KADOMA, ZIMBABWE (AFP) - In the central Zimbabwean town of Kadoma, it is now a daily routine - armed soldiers and police patrolling through the quiet back streets as residents hide indoors.
On the eighth day of a nationwide security crackdown, Tafadzwa, 23, made the mistake of stepping outside his family's small crowded home to take a call on his mobile phone.
Standing on the unpaved street at dusk, he was grabbed by four soldiers and three policemen who dragged him across the road and beat him with the butts of their rifles.
"They didn't say anything, they were just silent," Tafadzwa told AFP nervously, still shaken by the assault on Monday (Jan 21).
"The beating only stopped when my mother and brother came out to save me."
"My mother was crying so much," he said, displaying the bruised left side of his torso. "I saw two others beaten at the same time as me."
The military patrols appear every afternoon in the Rimuka neighbourhood of Kadoma, the scene of some of the most violent clashes between protesters and security forces when demonstrations broke out across Zimbabwe on Jan 14.
One 20-year-old man was shot dead on the street in Rimuka by soldiers firing live ammunition, according to locals and the Zimbabwe Human Rights NGO Forum.
Another man died on the way to hospital to the capital Harare.
In Kadoma, shops now close early and an unofficial curfew is enforced from mid-afternoon.
Like many of those beaten, Tafadzwa did not go to hospital for treatment as he feared being arrested as a suspected protester.
"I haven't left home since then. I'm too scared. I stay in," he said, opening an exercise book to show the complex maths equations he does as a hobby.
Now unemployed after previously working in a graphic design firm, he said he had missed a job interview this week.
"I need work so I can pay for my education.
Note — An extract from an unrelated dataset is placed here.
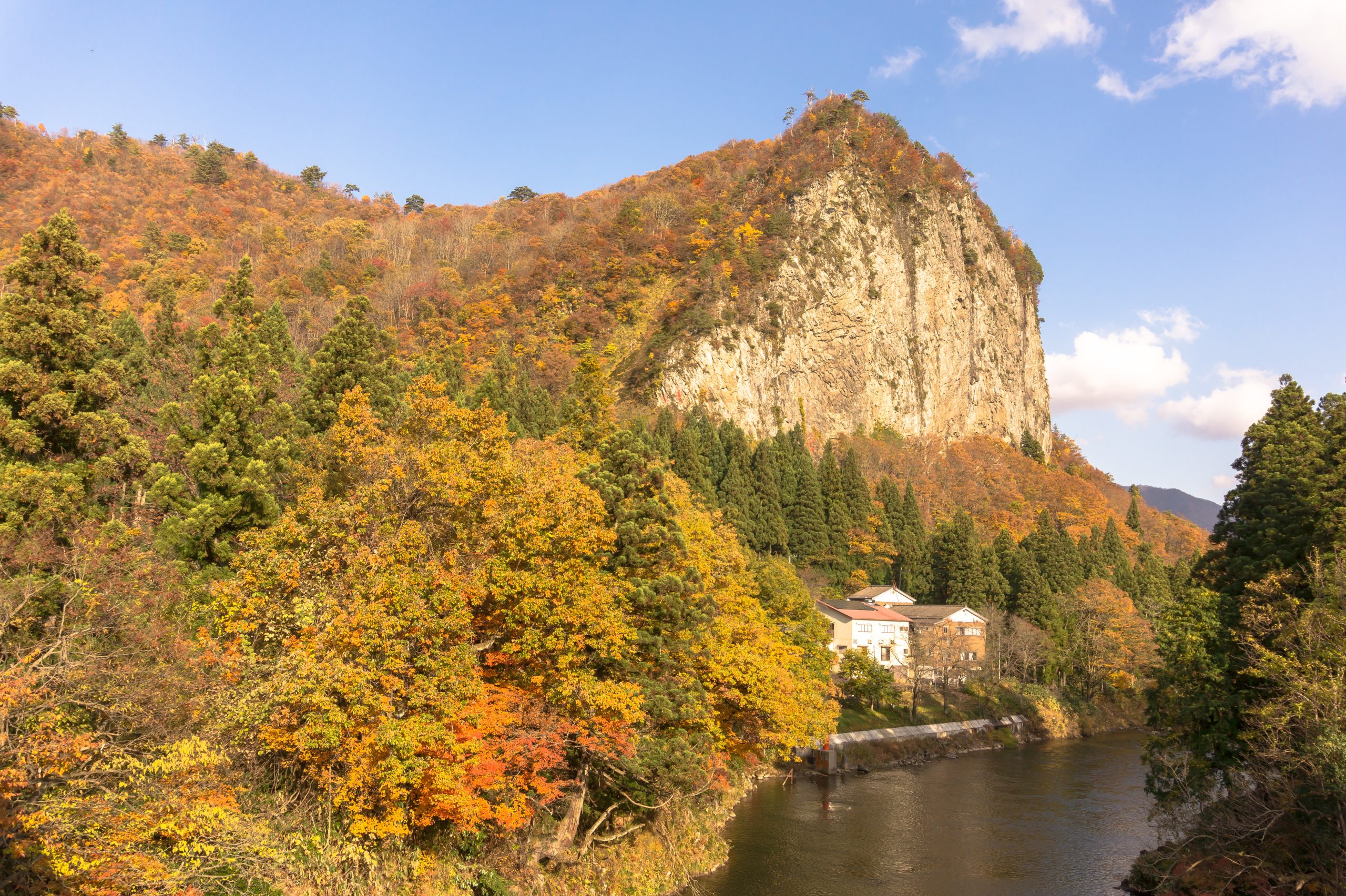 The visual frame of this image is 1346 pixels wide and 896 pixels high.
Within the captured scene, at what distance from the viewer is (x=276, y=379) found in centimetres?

This country needs qualified people," he said.
President Emmerson Mnangagwa, who took over from the ousted autocrat Robert Mugabe in November 2017, has vowed to punish any soldiers guilty of "misconduct".
But in Kadoma, locals believe the security forces have full authority to target young men to quash any further protests that first erupted after the government more than doubled the price of fuel.
The price hike unleashed anger over the country's latest economic woes, which have worsened despite Mnangagwa's promises of a fresh start and a revived economy after Mugabe's downfall.
"It was a 'popcorn' protest, just popping up all over," said Ophias Mukucha, 46, a father of five who is an MDC opposition activist in Kadoma.
"People were determined to protest, it was justified. It was mayhem here with soldiers using tear gas and bullets."
"One woman was shot in the leg and you could see the bullet wound."
"Since then, security forces have been invading houses looking for looters. They are still here now, on every street."
Bread that cost 90 US cents (S$1.22) a year ago now costs US$2, said Mukucha, who earns US$250 a month working for a disability charity.
"Many people are just preparing rice or flour for breakfast, that's it. For the children, we have to improvise but their health is affected."
Several shops in the town have cardboard taped across their windows that were smashed by looters during the protests.
"I hid in the back and fortunately we weren't injured before we escaped," said Blessing Mushonga, owner of the Chakawa general store, as he started to restock soap, maize and plastic buckets.
On Thursday, the military guarded a fuel tanker as it made a rare delivery to a petrol station in Kadoma.
Even with the hugely increased price, a long queue of vehicles formed before the tanker finished unloading.
Zimbabwe has been desperately short of fuel, as well as banknotes, bread and medicine.
A prison guard in Kadoma who declined to be identified told AFP that those arrested over the protests receive little food and no bedding and that some need urgent medical attention for injuries.
"At court, their relatives turn up and then ZANU-PF (ruling party) supporters point them out to the police, who arrest them as well," he said.
"It's so sad. The government has sent its armed soldiers to attack its own civilians."